Auf TV-Anfrage gibt das Landesjugendamt nun an, dass offenbar noch nicht aller Tage Abend ist. Pressesprecher Matthias Bolch: "Sofern der Träger jetzt jedoch in Hetzerath seine Einrichtung beibehalten möchte, bedarf dies einer erneuten Betriebserlaubnis mit entsprechender Prüfung der konzeptionellen, personellen und räumlichen Voraussetzungen." Bis Ende September dürfe die Immobilie als vorübergehende Einrichtung genutzt werden. Die Jugendlichen fahren nun erstmal in die Ferienfreizeit. Braun sagt: "Leider mit dem Damoklesschwert über dem Kopf."
Trennung wäre der falsche Weg

meinung

Wer die Familienstelle in Hetzerath besucht, der erlebt Jugendliche, die sich wohl fühlen. Und das nach harten Schicksalsschlägen, die ihr Leben kennzeichnen. In der Fünf-Zimmer-Wohnung haben sie eine neue Bleibe gefunden, in der sie ihre Zimmer gestaltet haben, schlafen, lernen, sich entspannen, eine professionelle Betreuung genießen, sich gegenseitig unterstützen und aufblühen.

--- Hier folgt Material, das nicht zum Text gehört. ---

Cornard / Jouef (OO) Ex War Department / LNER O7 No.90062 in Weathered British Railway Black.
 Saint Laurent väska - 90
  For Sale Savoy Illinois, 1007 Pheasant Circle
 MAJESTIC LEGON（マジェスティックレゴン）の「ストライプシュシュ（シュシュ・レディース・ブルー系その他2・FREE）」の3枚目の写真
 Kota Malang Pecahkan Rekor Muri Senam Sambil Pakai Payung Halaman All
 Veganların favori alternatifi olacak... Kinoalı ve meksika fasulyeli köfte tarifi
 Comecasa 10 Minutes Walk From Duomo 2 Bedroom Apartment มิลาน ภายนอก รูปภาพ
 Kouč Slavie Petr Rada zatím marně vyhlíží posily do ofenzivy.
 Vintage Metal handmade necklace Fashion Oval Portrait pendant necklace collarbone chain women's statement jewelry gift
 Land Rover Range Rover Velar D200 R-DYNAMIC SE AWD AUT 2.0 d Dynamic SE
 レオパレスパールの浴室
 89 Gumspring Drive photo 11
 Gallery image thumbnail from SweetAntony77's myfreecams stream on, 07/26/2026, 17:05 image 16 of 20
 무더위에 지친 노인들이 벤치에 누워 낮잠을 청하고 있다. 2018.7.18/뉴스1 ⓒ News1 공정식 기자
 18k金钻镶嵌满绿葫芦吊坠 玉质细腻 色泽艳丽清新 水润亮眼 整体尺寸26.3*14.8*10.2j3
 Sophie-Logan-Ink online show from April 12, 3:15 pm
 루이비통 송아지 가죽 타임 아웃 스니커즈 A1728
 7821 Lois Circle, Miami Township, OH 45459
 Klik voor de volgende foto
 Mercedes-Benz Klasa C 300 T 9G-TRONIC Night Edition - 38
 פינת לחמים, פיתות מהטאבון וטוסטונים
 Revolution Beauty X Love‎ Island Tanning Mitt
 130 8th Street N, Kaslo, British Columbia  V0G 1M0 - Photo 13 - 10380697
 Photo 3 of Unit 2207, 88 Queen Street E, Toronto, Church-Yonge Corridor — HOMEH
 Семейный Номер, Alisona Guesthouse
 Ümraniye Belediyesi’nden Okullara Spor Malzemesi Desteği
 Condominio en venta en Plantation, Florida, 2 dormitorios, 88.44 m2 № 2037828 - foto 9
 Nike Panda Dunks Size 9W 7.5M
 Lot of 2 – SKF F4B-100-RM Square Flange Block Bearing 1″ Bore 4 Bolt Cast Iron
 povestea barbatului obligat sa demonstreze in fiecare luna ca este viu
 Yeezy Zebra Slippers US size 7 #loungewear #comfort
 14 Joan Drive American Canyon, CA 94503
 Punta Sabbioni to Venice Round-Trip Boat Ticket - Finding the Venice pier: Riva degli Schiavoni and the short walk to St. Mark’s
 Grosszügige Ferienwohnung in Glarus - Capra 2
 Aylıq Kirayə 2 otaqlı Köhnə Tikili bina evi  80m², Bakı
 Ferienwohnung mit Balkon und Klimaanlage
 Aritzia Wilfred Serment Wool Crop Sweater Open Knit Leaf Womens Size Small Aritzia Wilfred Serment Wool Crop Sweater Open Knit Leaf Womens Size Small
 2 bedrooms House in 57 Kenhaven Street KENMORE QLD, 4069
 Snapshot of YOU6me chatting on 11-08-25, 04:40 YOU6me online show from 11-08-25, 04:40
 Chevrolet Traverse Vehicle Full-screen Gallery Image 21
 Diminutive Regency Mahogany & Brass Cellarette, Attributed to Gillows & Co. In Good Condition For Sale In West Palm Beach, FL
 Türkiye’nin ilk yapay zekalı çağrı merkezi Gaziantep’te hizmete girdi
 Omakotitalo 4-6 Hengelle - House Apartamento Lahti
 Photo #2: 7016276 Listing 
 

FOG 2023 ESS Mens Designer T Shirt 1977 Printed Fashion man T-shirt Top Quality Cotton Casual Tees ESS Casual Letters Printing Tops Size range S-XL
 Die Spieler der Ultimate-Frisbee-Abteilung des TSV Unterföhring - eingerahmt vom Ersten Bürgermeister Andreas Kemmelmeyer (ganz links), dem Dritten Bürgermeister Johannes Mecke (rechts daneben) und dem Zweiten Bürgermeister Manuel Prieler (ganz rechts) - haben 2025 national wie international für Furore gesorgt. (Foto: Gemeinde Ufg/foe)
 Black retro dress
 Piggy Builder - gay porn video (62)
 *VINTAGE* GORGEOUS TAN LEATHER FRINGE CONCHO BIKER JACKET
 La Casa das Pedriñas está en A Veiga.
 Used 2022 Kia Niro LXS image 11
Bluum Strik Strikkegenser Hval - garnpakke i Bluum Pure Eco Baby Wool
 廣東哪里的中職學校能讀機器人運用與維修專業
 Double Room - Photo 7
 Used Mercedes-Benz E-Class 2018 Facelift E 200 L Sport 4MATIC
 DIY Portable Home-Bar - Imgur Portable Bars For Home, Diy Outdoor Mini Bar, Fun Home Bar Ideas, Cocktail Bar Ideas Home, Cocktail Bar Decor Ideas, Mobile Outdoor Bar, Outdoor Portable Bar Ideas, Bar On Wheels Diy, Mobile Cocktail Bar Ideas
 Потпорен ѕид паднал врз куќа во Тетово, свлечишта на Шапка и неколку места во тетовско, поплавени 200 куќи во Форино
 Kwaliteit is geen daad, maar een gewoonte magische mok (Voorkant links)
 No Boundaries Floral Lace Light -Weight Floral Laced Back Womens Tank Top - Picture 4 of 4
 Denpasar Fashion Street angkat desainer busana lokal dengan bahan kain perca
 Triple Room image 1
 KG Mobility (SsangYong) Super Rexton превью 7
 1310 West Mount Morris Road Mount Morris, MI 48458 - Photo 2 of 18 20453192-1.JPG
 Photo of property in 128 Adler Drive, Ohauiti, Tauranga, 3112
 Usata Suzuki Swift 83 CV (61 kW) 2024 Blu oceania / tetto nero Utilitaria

Hat jemand ein Basketball-Spiel, feuern ihn die anderen an. Tanzt eins der Mädchen in der Hip-Hop-Gruppe, kommen die Bewohner mit zum Training. Die Freundschaften sind schon so eng, dass sie zerrüttete Familienstrukturen ersetzen. Das ist gut so - und ein Grund, die Jugendlichen nicht zu trennen. Zumal dann, wenn die alternative Immobilie eine ist, in der Jungs und Mädchen wegen Schimmels gesundheitliche Beschwerden hatten.